From the first line to the last, give the material again exactly, without the images.

◆ Data shown ◆
*** Begin section ***
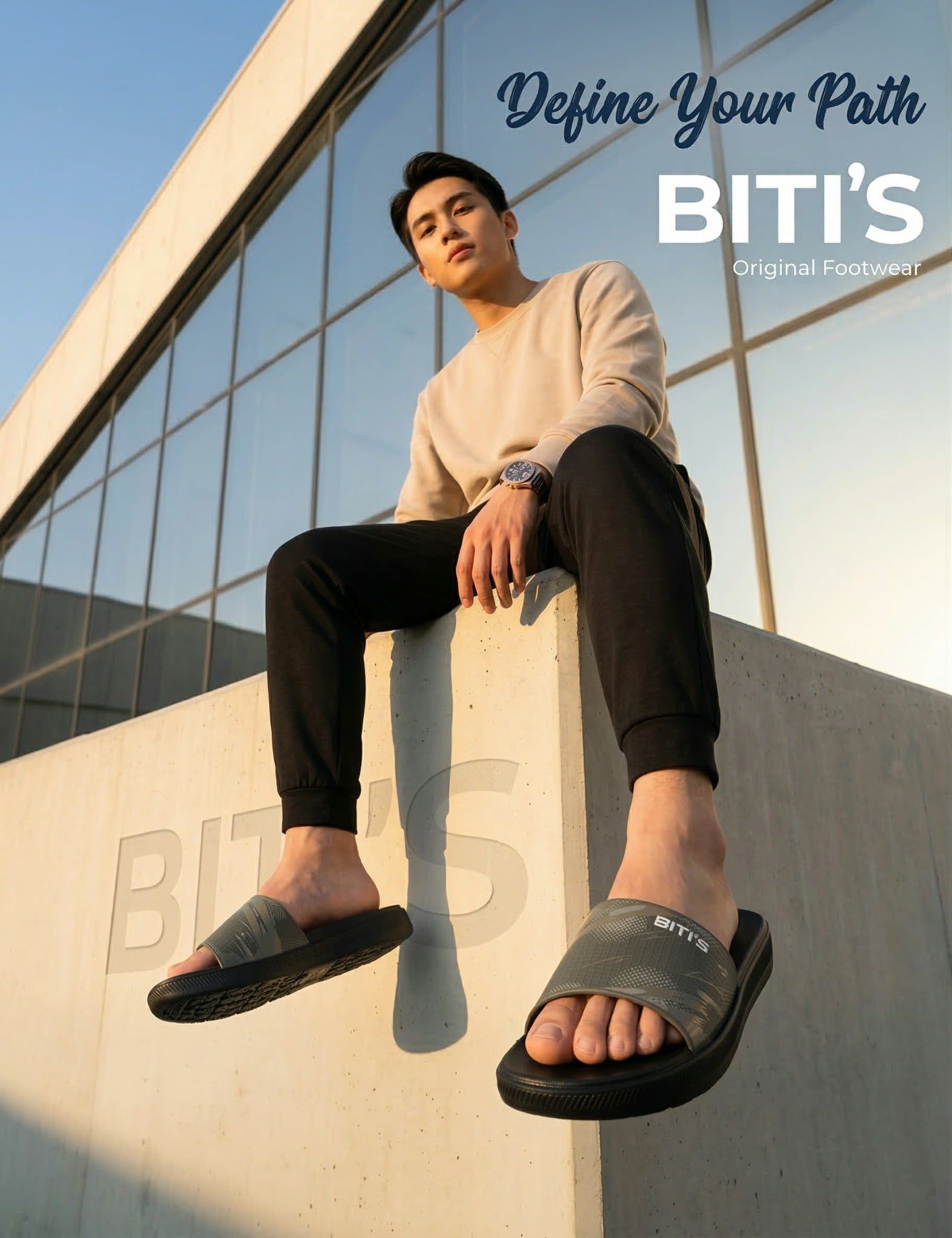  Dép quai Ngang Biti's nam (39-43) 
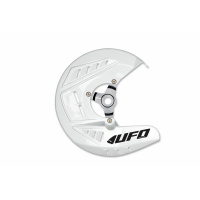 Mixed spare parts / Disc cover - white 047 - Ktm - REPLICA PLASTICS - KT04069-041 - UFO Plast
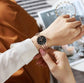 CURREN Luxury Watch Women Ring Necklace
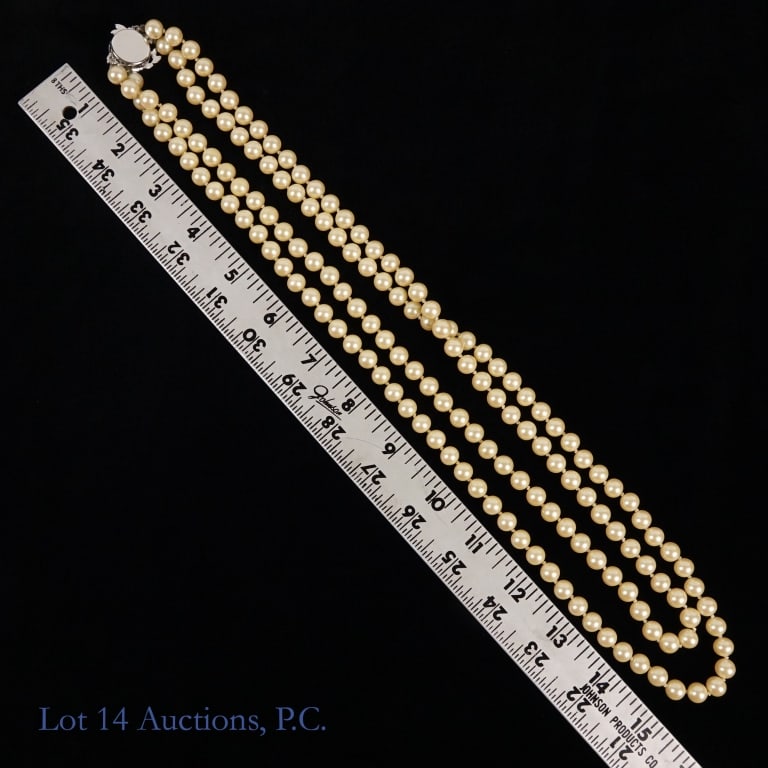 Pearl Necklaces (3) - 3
*** End section ***
◆ Solution ◆
  Dép quai Ngang Biti's nam (39-43) 
 Mixed spare parts / Disc cover - white 047 - Ktm - REPLICA PLASTICS - KT04069-041 - UFO Plast
 CURREN Luxury Watch Women Ring Necklace
 Pearl Necklaces (3) - 3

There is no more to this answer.